Poi ci sono i bianchi abbienti che scrivono sui giornali che trovano le sfumature, ma non a tutti interessa di leggerne. Non serve sapere per avere un’opinione, basta dare voce a quello che dice la pancia, il cuore, the gut. L’intrattenitore Kimmel qualche giorno fa ha intervistato per gioco i passanti chiedendo loro quale provvedimento preferissero tra Obamacare e l’Affordable Care Act, che sono la stessa cosa, ottenendo risposte assai appassionate a difesa dell’uno o dell’altro. La gente non sa, sente cose, le ripete, non capisce e raramente cerca di informarsi, forse non ne ha tempo, o forse sa che anche se lo facesse la sua opinione a favore o contraria non conterebbe poi molto. La politica è un circolo esclusivo.

Anche a livello umano, le persone sono relativamente diverse da quelle che conosco in Italia. C’è meno empatia, e anche se tutte le conversazioni iniziano con “Hi, how are you?” raramente la domanda è sincera, non un modo di dire.

Invece sapete chi è veramente speciale qui? Gli altri italiani. Che lavorano, si ammazzano di fatica, fanno cento lavoretti part-time tutti insieme pur di farcela e poi ogni tanto si incontrano davanti a un piatto di cibo straniero a raccontarsi storie.

Quante persone intelligenti e capaci che l’Italia allontana. La cosa che mi fa rabbia è che saremmo stati intelligenti e capaci anche a casa, e invece ce ne siamo andati e di motivi per tornare non ne abbiamo trovato nessuno. Infatti se tornassimo non se ne accorgerebbe nessuno, e non avremmo possibilità di mantenere il nostro tenore di vita — e badare che per “tenore di vita” non intendiamo stipendi da capogiro e lussi sfrenati, ma quel minimo che significa soprattutto indipendenza ed autorealizzazione.

Se tornassi in Italia domani e iniziassi a cercare lavoro non avrei molte possibilità di vivere in una casa che non sia quella di mamma e papà.
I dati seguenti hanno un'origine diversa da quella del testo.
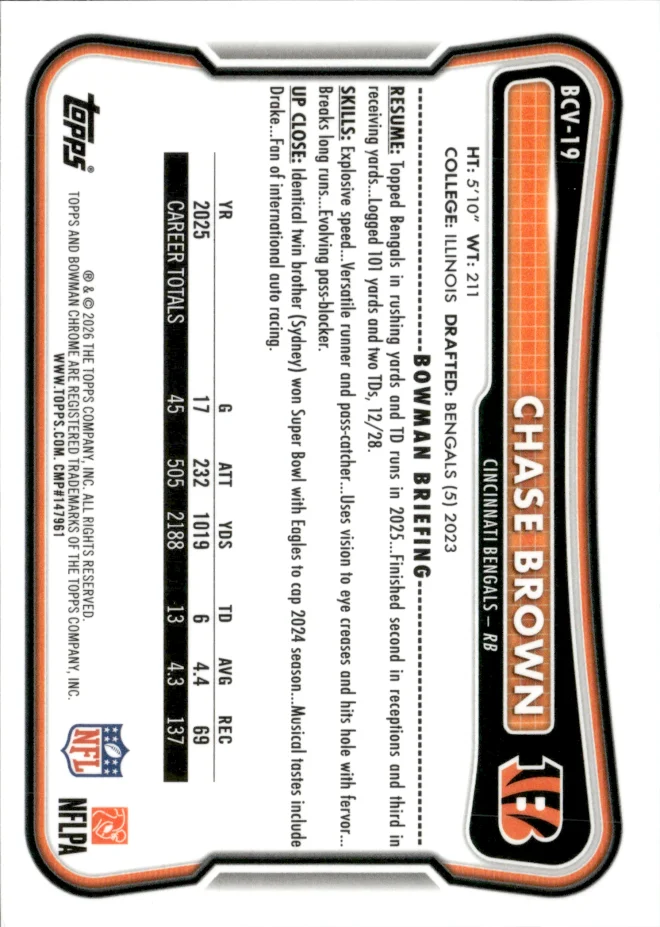Chase Brown card back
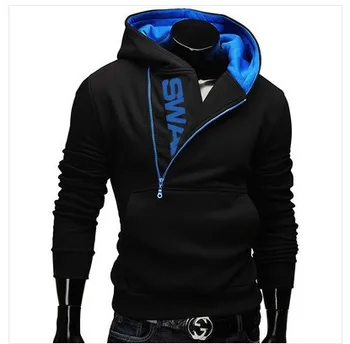 

Spring And Fall Long Sleeve Side Zipper Design Contrast Color Hooded Pullover Men's Printed Hoodies Casual Streetwear Sweatshirt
Non potrei esercitare la professione che ho studiato per fare, perché non sono certificata come professionista ma ancora prima perché il mio expertise è sicuramente maggiore di quello di molti redattori, direttori, telecronisti, per i quali però sono solo una venticinquenne presuntuosa.

Proprio ieri, per pura curiosità, ho cercato su jobrapido.it un lavoro da giornalista, in tutta Italia. C’era un solo annuncio per una web tv romana che cercava un pubblicista da assumere con contratto a tempo determinato di un mese, con possibilità di proroga.
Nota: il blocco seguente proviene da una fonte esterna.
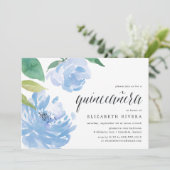Blue Peony | Uitnodiging uit Quinceanera (Staand voorkant)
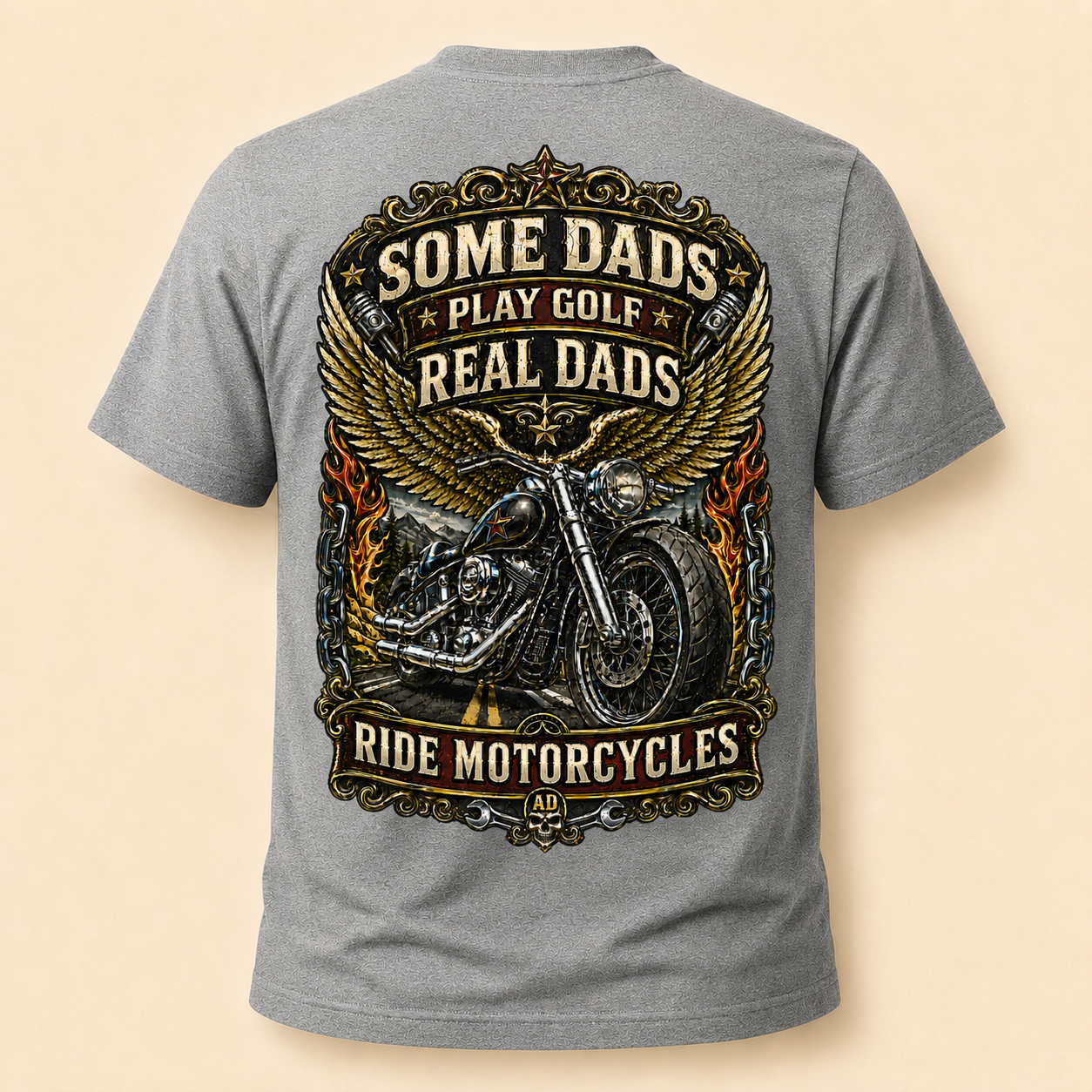Real Dads Ride Motorcycles Tee | Father’s Day Biker Dad Shirt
Il futuro non lo si pianifica un mese alla volta. Ed è per questo che nonostante tutto (tutta la solitudine, tutta la frustrazione, tutta la consapevolezza di non stare passando il mio tempo accanto a tutte le persone che amo, tutte le difficoltà quotidiane, tutte le incertezze professionali e tutte le strane strade a zig zag che sto prendendo per capire cosa veramente voglio fare di mestiere) penso che sia saggio per me restare qui e darmi da fare. Si vive una volta sola, ed è bene iniziare presto. Però certo che mi mancate, e non sapete quanto è difficile a volte motivarsi a credere, insistere, o semplicemente ad andare avanti giorno per giorno e portare pazienza.
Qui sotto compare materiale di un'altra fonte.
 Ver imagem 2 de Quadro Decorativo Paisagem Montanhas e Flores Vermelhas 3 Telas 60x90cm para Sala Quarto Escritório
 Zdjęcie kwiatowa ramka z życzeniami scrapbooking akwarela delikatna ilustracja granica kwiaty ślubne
In tutto questo, quella persona che ho conosciuto qui il 9 ottobre del 2010 è la ragione, l’accidente e il veicolo di tutto questo. La mia più grande fortuna, la più inaspettata coincidenza e l’avventura di tutti i giorni che uno alla volta cambiano e si scrivono per rendere possibile quello che abbiamo. Di lui ho enorme stima e ammirazione, e nella sua voglia di fare, nel suo sapere esattamente come farlo e nella sua immensa motivazione a raggiungerlo io ripongo molte speranze che a un bel punto la vita non sia solo lavoro per sopravvivere, ma anche piacere di fare quello che si vuole fare. Ancora non so bene cos’è, ma mi piace sperimentare mentre lo metto a fuoco.”